Will Apple sell a low-end iPhone?
The tech giant may announce a lower end smartphone later this year, says one Wall Street analyst.
Apple (AAPL) investors, fanboys, and zealots: Be prepared for a low-end iPhone. At least that is what one analyst thinks.
Credit Suisse analyst Kulbinder Garcha believes Apple is getting ready to announce a lower-end iPhone for a few reasons.
He believes Apple will not only update the iPhone 5 later this year (see TheStreet), but Apple will also announce a low-end iPhone, which will not only help Apple increase its market share but profit share as well.
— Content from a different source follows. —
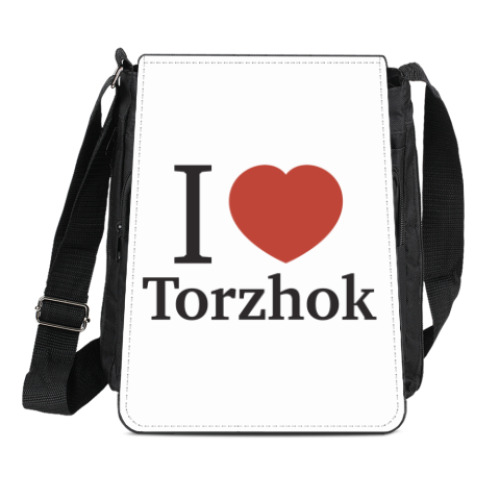 Сумка-планшет с принтом Я люблю Торжок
Garcha, who recently cut his earnings estimates (TheStreet), rates Apple "outperform" with a $600 price target.
There's been much speculation not only from Wall Street, but the media as well about Apple and a lower-end iPhone. There's concern that it would dilute Apple's brand, but CEO Tim Cook tried to assuage these concerns, saying Apple would never release a bad product.
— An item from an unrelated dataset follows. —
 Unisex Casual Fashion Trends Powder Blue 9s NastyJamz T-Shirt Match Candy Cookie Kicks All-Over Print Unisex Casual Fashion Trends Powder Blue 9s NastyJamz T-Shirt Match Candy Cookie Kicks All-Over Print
"The only thing we'll never do is make a crappy product," Cook said at a Goldman Sachs conference in February. "We're going to make a great product. And so that's the only religion that we have is we must do something great, something bold, something ambitious."
Even if Apple does make a lower-end iPhone, it would not be that dilutive to the brand, Garcha notes, and could have higher margins than people think. He pegs the price of a lower-end iPhone at $329, with 38% gross margins. That's lower than the gross margins Apple gets on the current version of the iPhone, but it would be in line with Apple's margins overall.
A lower-end iPhone would not just be good for market share, but could provide as much as $21 billion in revenue and $5 per share in earnings by 2015. "Assuming Apple introduces a $329 iPhone in 2014 and starts to gain share in these lower price bands, we believe it could capture 40% share in the $300-$400 market," Garcha notes.
Shares of Apple were lower in early morning trading, down 0.73% to $451.18.